Information supplied:
▽

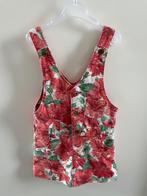 Overgooier met rode bloemen - maat 4A (4 jaar) / 98-104, Meisje, Ophalen of Verzenden, Zo goed als nieuw, Jurk of Rok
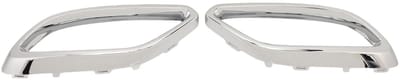 Dailygoods- Uitlaat Tip Glanzend Zwart - Afdekking Uitlaattip - Vervanging voor Benz CLA-Klasse C118 AMG-Line 2020-2024 - ABS - Montage met Gesp - OEM-nummer 1184920100/1184920200 - Uitlaatdecoratie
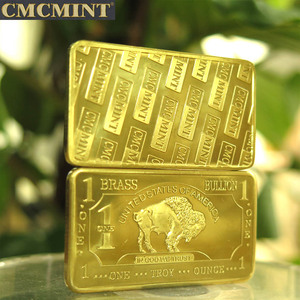 Lingotto da 1 Oncia in Ottone Massiccio 999 Fine, Baffalo, con Incisione CMC <span class=keywords><strong>MINT</strong></span> sul Retro B51b - Product Image 4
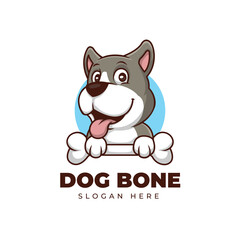 doge and bone Creative Cartoon Logo Design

△

The finished copy should match the data above word for word and contain no pictures.

 Overgooier met rode bloemen - maat 4A (4 jaar) / 98-104, Meisje, Ophalen of Verzenden, Zo goed als nieuw, Jurk of Rok
 Dailygoods- Uitlaat Tip Glanzend Zwart - Afdekking Uitlaattip - Vervanging voor Benz CLA-Klasse C118 AMG-Line 2020-2024 - ABS - Montage met Gesp - OEM-nummer 1184920100/1184920200 - Uitlaatdecoratie
 Lingotto da 1 Oncia in Ottone Massiccio 999 Fine, Baffalo, con Incisione CMC <span class=keywords><strong>MINT</strong></span> sul Retro B51b - Product Image 4
 doge and bone Creative Cartoon Logo Design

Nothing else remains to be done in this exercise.